**Work instructions**
Copy the listing below line for line, starting at its first line and ending with the line that has "Imagen del vendedor" in it. Add nothing.

**Working data**
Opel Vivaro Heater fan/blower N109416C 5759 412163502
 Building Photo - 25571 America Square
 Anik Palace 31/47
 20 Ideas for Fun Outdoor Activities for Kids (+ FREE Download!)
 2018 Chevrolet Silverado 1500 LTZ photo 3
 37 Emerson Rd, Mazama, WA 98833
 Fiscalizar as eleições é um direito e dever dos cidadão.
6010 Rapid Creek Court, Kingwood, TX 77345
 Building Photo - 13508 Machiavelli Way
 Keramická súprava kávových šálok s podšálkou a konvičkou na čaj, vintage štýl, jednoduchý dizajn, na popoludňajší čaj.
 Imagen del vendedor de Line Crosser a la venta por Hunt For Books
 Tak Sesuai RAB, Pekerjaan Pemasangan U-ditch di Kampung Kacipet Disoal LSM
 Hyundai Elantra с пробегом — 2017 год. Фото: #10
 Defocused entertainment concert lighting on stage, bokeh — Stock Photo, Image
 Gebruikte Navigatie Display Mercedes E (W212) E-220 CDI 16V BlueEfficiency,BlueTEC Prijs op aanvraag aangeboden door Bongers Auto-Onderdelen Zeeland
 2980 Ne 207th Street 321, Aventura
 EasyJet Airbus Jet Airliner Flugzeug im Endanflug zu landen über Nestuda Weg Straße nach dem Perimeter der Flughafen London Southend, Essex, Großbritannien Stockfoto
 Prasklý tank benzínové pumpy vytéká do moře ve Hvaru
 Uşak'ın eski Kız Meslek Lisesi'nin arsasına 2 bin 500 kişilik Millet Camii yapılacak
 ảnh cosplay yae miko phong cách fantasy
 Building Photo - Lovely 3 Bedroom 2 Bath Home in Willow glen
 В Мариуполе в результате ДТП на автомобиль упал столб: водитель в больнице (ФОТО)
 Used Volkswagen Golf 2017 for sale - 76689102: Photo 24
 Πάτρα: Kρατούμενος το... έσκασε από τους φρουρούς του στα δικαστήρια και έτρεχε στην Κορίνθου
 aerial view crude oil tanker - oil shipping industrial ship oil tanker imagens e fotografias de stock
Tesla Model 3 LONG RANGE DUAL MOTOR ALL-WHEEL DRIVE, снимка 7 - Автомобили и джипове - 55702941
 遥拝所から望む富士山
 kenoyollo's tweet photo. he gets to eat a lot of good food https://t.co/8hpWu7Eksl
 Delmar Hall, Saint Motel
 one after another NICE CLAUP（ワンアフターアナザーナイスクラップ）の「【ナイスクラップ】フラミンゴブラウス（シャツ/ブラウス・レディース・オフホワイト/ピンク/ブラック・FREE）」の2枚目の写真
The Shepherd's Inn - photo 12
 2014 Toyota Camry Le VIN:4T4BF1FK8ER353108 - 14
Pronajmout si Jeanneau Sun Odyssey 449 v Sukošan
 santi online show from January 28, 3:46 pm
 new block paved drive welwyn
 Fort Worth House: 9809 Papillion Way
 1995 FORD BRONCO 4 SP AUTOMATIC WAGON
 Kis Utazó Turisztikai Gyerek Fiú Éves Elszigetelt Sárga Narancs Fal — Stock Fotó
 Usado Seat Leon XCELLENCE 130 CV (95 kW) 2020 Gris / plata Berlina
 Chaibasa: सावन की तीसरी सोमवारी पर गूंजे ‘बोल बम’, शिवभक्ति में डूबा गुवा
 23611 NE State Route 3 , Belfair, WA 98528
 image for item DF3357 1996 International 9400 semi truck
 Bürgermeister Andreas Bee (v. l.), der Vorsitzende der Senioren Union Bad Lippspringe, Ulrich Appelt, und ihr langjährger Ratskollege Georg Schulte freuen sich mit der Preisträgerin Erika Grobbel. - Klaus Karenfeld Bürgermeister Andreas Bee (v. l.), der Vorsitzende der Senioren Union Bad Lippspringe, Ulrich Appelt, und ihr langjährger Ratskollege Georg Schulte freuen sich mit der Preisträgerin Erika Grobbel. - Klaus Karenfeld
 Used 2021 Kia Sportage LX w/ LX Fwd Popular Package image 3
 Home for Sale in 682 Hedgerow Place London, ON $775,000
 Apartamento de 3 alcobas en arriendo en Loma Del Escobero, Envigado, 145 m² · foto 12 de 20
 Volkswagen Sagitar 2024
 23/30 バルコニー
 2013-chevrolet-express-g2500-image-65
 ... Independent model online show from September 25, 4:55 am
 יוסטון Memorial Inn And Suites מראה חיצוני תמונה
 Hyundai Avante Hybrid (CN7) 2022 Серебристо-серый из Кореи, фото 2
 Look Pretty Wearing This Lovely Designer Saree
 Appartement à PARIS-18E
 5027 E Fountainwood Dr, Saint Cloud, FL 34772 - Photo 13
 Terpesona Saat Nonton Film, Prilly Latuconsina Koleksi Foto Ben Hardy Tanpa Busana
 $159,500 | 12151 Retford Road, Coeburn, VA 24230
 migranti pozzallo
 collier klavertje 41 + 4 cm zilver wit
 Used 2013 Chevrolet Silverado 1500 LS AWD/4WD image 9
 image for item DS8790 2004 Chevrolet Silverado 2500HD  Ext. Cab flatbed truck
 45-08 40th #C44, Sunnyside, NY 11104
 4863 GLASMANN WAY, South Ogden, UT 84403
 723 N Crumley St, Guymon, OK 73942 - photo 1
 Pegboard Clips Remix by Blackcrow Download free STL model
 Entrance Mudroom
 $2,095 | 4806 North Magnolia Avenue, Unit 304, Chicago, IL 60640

**Written response**
Opel Vivaro Heater fan/blower N109416C 5759 412163502
 Building Photo - 25571 America Square
 Anik Palace 31/47
 20 Ideas for Fun Outdoor Activities for Kids (+ FREE Download!)
 2018 Chevrolet Silverado 1500 LTZ photo 3
 37 Emerson Rd, Mazama, WA 98833
 Fiscalizar as eleições é um direito e dever dos cidadão.
6010 Rapid Creek Court, Kingwood, TX 77345
 Building Photo - 13508 Machiavelli Way
 Keramická súprava kávových šálok s podšálkou a konvičkou na čaj, vintage štýl, jednoduchý dizajn, na popoludňajší čaj.
 Imagen del vendedor de Line Crosser a la venta por Hunt For Books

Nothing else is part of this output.